* _What you should do_
Please set down every entry again exactly as it stands, without the pictures.

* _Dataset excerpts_
***
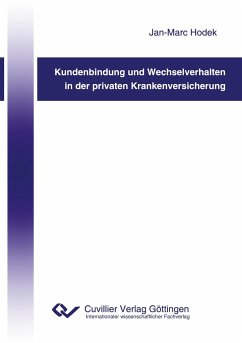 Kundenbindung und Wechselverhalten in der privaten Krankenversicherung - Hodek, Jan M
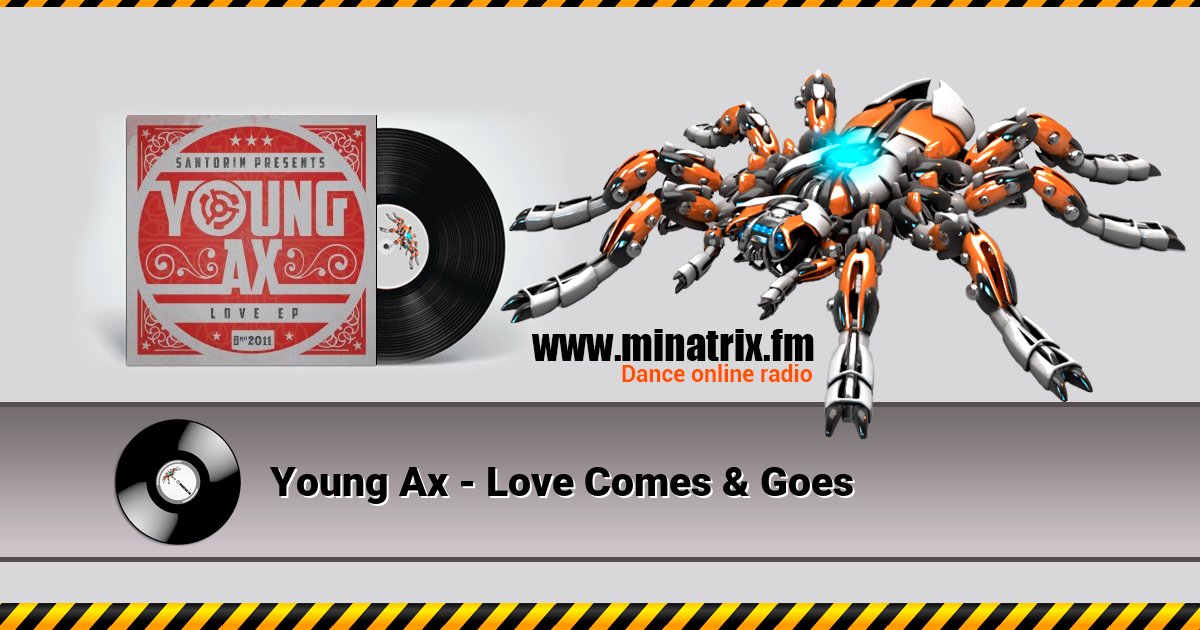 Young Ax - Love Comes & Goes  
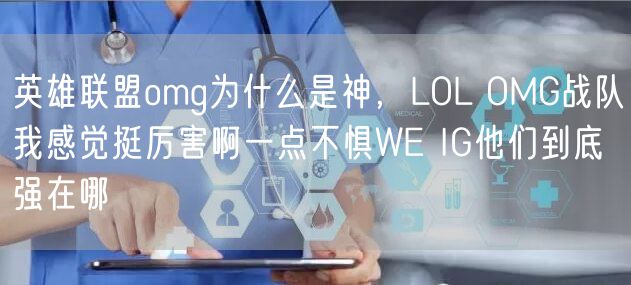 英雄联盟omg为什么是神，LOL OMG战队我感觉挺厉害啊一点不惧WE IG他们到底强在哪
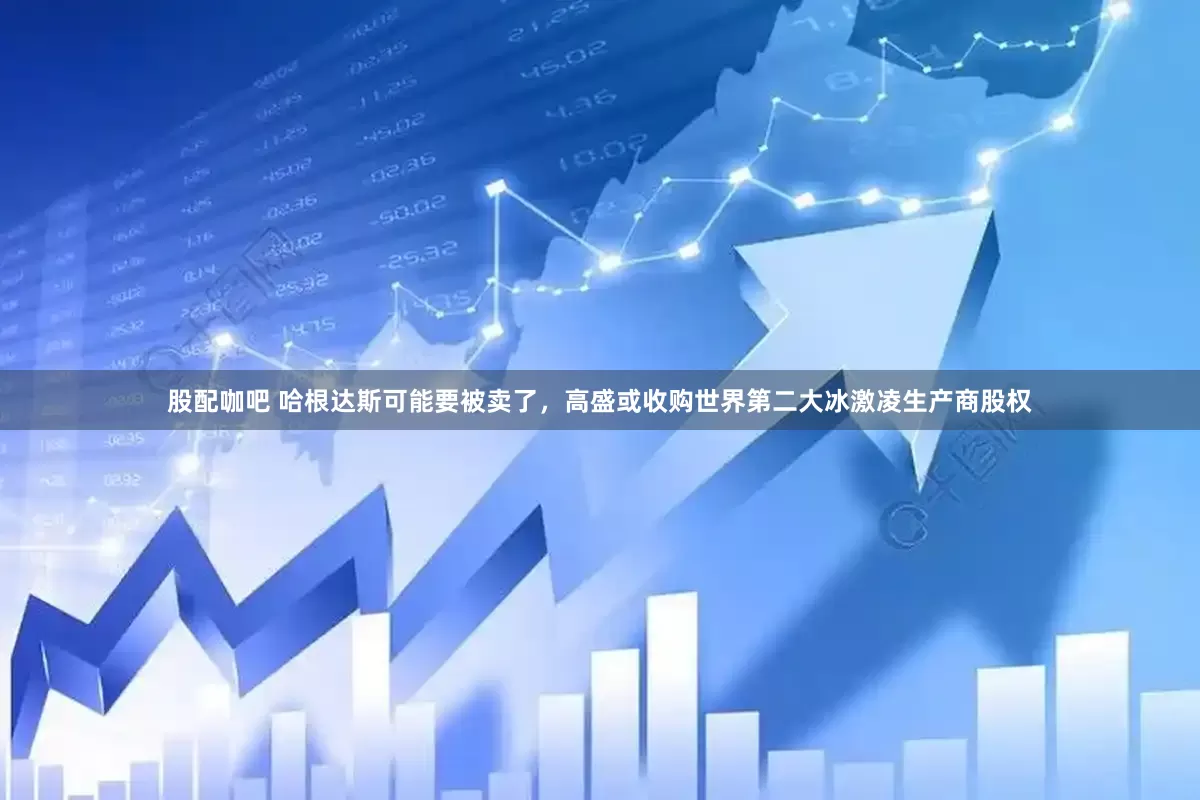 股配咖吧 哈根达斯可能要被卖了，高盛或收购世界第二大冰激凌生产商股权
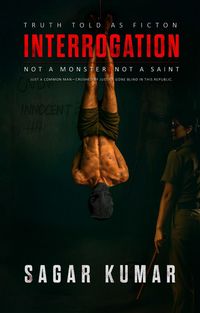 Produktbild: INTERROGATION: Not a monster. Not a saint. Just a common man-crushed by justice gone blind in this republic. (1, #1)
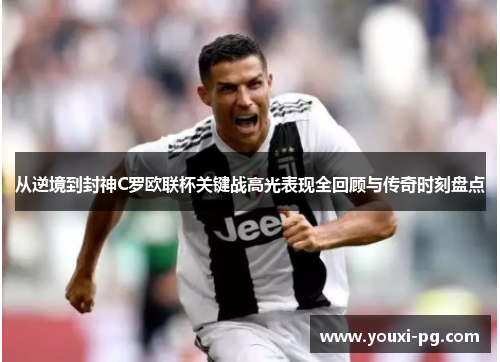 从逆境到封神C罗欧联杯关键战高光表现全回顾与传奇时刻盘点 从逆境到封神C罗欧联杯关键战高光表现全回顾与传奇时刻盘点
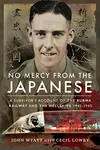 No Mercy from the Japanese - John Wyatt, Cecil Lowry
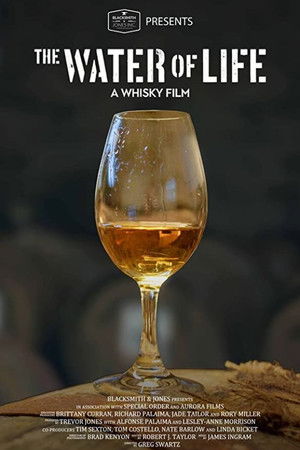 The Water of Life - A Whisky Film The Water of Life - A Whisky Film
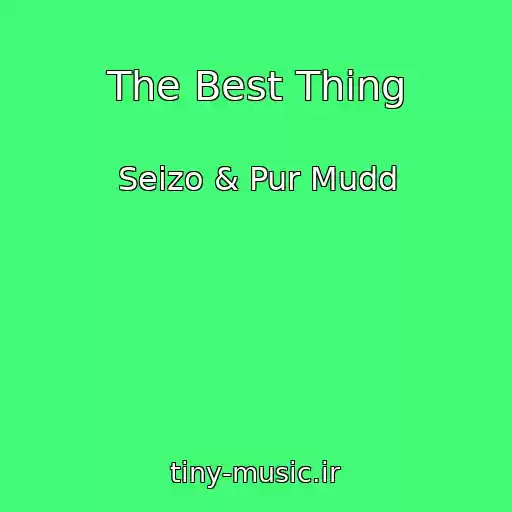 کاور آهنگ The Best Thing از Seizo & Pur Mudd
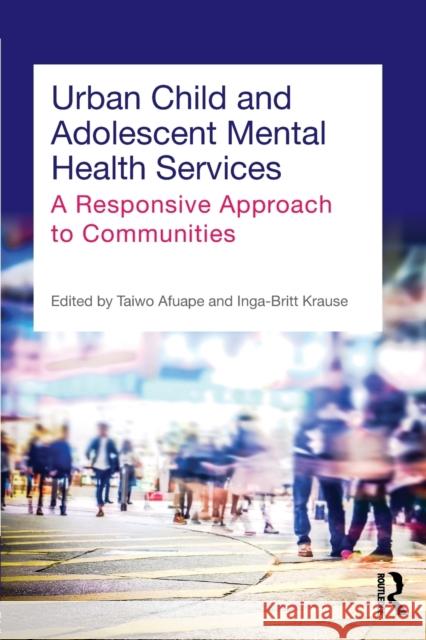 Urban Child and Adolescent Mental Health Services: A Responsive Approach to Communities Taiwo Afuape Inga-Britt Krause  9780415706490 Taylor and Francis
***
* _Answer to this problem_
 Kundenbindung und Wechselverhalten in der privaten Krankenversicherung - Hodek, Jan M
 Young Ax - Love Comes & Goes  
 英雄联盟omg为什么是神，LOL OMG战队我感觉挺厉害啊一点不惧WE IG他们到底强在哪
 股配咖吧 哈根达斯可能要被卖了，高盛或收购世界第二大冰激凌生产商股权
 Produktbild: INTERROGATION: Not a monster. Not a saint. Just a common man-crushed by justice gone blind in this republic. (1, #1)
 从逆境到封神C罗欧联杯关键战高光表现全回顾与传奇时刻盘点 从逆境到封神C罗欧联杯关键战高光表现全回顾与传奇时刻盘点
 No Mercy from the Japanese - John Wyatt, Cecil Lowry
 The Water of Life - A Whisky Film The Water of Life - A Whisky Film
 کاور آهنگ The Best Thing از Seizo & Pur Mudd
 Urban Child and Adolescent Mental Health Services: A Responsive Approach to Communities Taiwo Afuape Inga-Britt Krause  9780415706490 Taylor and Francis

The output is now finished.